### Provided information
::::::
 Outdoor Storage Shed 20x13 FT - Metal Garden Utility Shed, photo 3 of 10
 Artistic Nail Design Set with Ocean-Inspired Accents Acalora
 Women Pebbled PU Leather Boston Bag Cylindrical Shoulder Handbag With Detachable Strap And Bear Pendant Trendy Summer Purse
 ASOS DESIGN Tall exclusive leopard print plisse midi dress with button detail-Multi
::::::
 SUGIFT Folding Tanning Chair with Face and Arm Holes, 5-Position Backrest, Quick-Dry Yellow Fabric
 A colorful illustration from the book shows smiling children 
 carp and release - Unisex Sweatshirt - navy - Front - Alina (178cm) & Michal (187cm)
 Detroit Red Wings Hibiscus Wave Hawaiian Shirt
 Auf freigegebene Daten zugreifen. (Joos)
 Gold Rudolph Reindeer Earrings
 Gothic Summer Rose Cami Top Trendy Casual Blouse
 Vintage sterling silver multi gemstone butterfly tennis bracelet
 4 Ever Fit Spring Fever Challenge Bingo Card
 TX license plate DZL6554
::::::
### Task prompt
Output only an exact transcription of the lines above from the one with "carp and release" up to and including the one with "TX license plate DZL6554".

### The answer
 carp and release - Unisex Sweatshirt - navy - Front - Alina (178cm) & Michal (187cm)
 Detroit Red Wings Hibiscus Wave Hawaiian Shirt
 Auf freigegebene Daten zugreifen. (Joos)
 Gold Rudolph Reindeer Earrings
 Gothic Summer Rose Cami Top Trendy Casual Blouse
 Vintage sterling silver multi gemstone butterfly tennis bracelet
 4 Ever Fit Spring Fever Challenge Bingo Card
 TX license plate DZL6554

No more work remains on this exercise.